Tale principio, c.d. accessio possessionis, stabilito dall’art. 1146, comma 2, c.c., fa riferimento non solo per il computo del termine utile per l’usucapione ma anche in ordine ai requisiti temporali delle azioni possessorie e, pertanto, il termine per la proposizione di dette azioni entro l’anno dallo spoglio o dalla turbativa va accertato, non compiendo il relativo calcolo dalla data del trasferimento della cosa, bensì tenendo presente pure il possesso del dante causa[4].

In merito al calcolo del termine, nel caso di spoglio o turbativa posti in essere con una pluralità di atti, il termine utile per l’esperimento dell’azione possessoria decorre dal primo di essi solo se quelli successivi, essendo strettamente legati e connessi, devono ritenersi prosecuzione della stessa attività. Al contrario, qualora ogni atto presenti delle caratteristiche proprie che, escludono l’ipotesi precedente, il termine decorrerà dall’ultimo atto[5].

Nel caso di specie era stato accertato che all’epoca della realizzazione del terrapieno, Sempronio era detentore dell’immobile occupandolo quale convivente della compagna locataria e che, quindi, possessori seppure mediati erano i coniugi Tizio e Caia con cui Sempronio aveva sottoscritto il contratto preliminare di vendita.

Del pari risultava accertato che Sempronio era incontestabilmente possessore dopo avere stipulato il definitivo contratto di trasferimento dell’immobile continuando a viverci dopo il rogito e divenendone possessore esclusivo per effetto della sopravvenuta titolarità.

Per ultimo, era accertato che l’azione di manutenzione era stata proposta unitamente dai proprietari possessori Tizio e Caia al momento della molestia denunciata e da Sempronio divenuto possessore al momento della proposizione della domanda possessoria.

Orbene, “ai fini della legittimazione attiva all’esercizio dell’azione di manutenzione la richiesta qualità di possessore del bene non è incompatibile con la possibilità che il soggetto che ha subito la molestia e quello che agisce processualmente per la tutela possessoria siano diversi, attesa la facoltà prevista dall’art. 1146, comma 2 c.c. di invocare in caso di successione a titolo particolare, inter vivos o mortis causa, il cumulo del possesso di chi esercitava il possesso al momento della turbativa con quello di chi lo esercita al momento del ricorso possessorio, sempre che ne sussista, come accertato nel caso di specie, il titolo e l’instaurazione della relazione di fatto con il bene”.
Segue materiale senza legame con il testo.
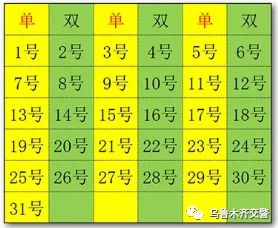 什么叫做双数单数 6e42ed2d5bfa449ebe292a63de79e539.jpeg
Pertanto, legittimato a proporre azione di manutenzione ex art. 1170 c.c. è il solo possessore, e non anche il detentore, dovendosi comunque ricollegare la presunzione di possesso, ex art. 1141  c.c., ad un potere di fatto sulla cosa che si manifesta in attività corrispondenti all’esercizio della proprietà o di altro diritto reale, secondo la definizione contenuta nell’art. 1140 c.c..
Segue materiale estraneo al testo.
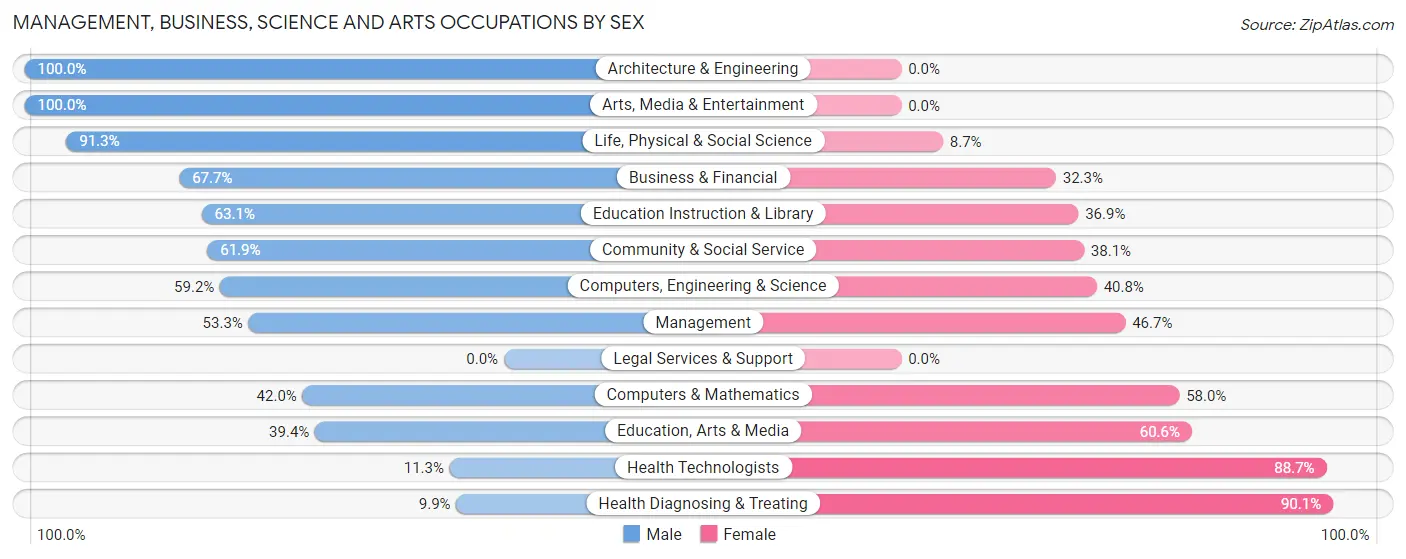 Management, Business, Science and Arts Occupations by Sex in Zip Code 68317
Va, per contro, rilevato che detta presunzione non opera in favore di chi si trovi con la cosa in una relazione materiale che si svolge in nome del possessore e per sua volontà, sia che si tratti di detenzione qualificata, sia di mera disponibilità materiale del bene, o detenzione semplice[6].

[1] Cass. civ., sez. II, Ord. n. 966/2019.

[2] Cass. civ., sez. II, Ord. n. 20715/2018.

[3] Cass. civ., sez. II, Sent. n. 5760/2004.

[4] Cass. civ., sez. II, Sent. n. 1943/1981.

[5] Cass. civ. sez. II, Ord. n. 16053/2019.

[6] Cass. civ. sez. II, Ord. n. 1824/2000 e Cass. civ., sez. II, Ord. n. 22642/2018.